Thursday, November 11, 2010

Parents, are you a doorstop?


If you have kids, you know that they like to test the boundaries. However, holding the boundaries can be one of the hardest tasks we face as parents. At times I’ve found myself guilt tripping my kids instead of giving them consequences. Guilt or shame says, “You are bad when you do that – stop it” which sends the message that they are only loved when they do the right thing. Enforcing boundaries, however, says, “You are not allowed to do that and I understand that you’re upset about it” which teaches them they are loved despite bad behavior.

While praying about this issue recently, I felt the Lord say, You are like a doorstop. Your son wants his way, so he pushes at you, but you need to stand firm, holding the door open for his future. He cannot see past tomorrow, so you must hold the vision for him. If you let him get his way in the moment, you are closing the door for a healthy future.

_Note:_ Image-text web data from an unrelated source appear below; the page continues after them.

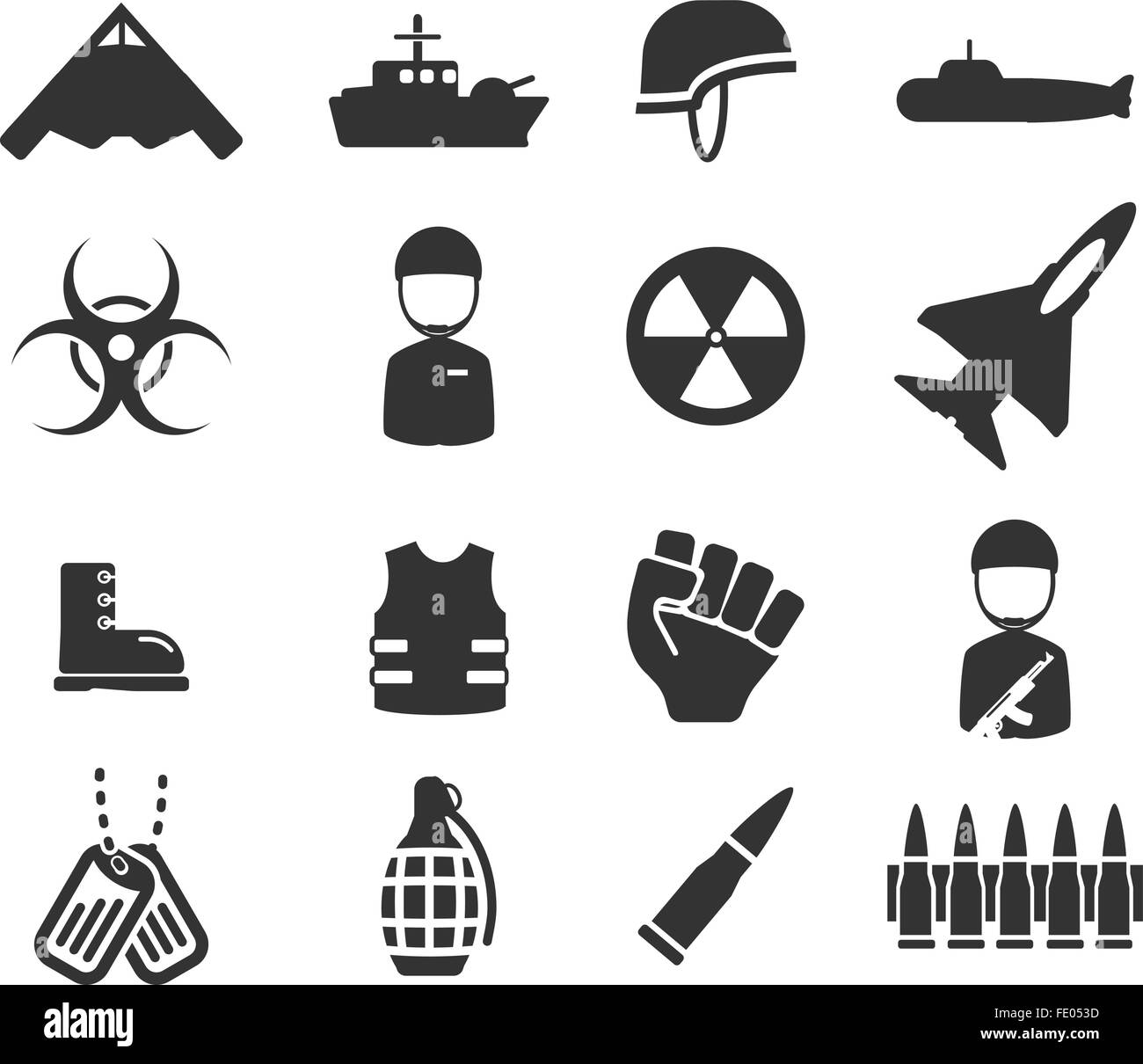 Icônes simplement militaire Illustration de Vecteur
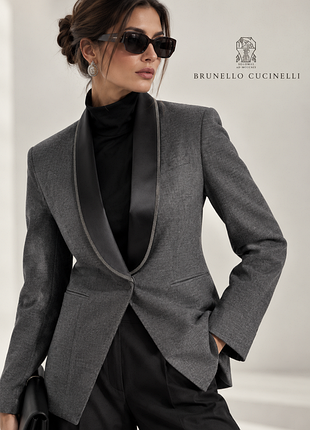 Brunello cuccinelli жакет з вовни преміум сегменту з монілью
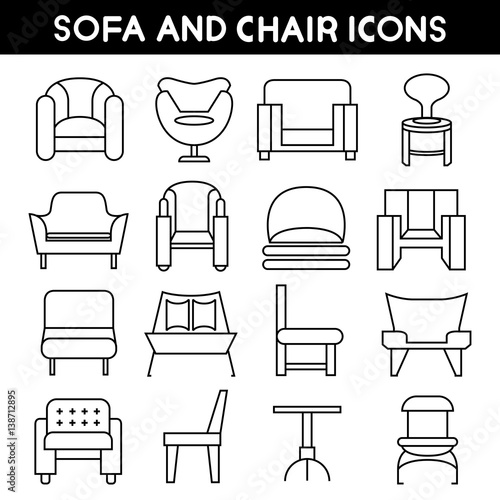 sofa and chair icons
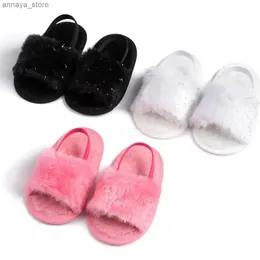 Sandaler Meccior Baby Boys and Girls Sandaler Fluffy Baby Shoes Neonatal Cotton Soft Sole Anti Slip First Step Spädbarn Baby Slippers Indoorl240429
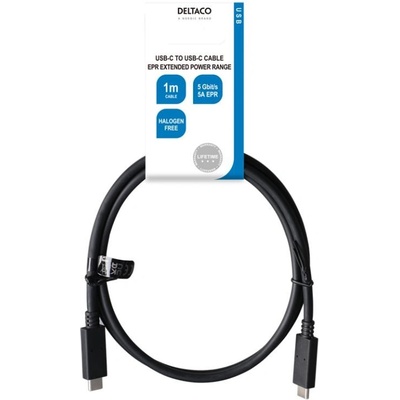 Deltaco USBC-1501-LSZH USB 3.2 Gen1 Typ C/Typ C, 240W, 1m, černý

What a picture. I never thought of myself as a doorstop before, and can’t say that I relish the role. But the winds of testing always come and someone needs to be the doorkeeper. We parents have been given the sacred trust of raising adults. I want to step up to that role, so that my kids may experience a more satisfying and relationally healthy future.

2 comments:

Helen of SJ said...

Thanks for those words of encouragement. I'm finding that parenting a teenager is the most difficult and trying job I've had up 'til now. Having that mental picture in mind will help the next time I have to face another "mean mommy" moment.

Karen Llewellyn said...

A wonderful reminder that we shape our kids futures by holding the line.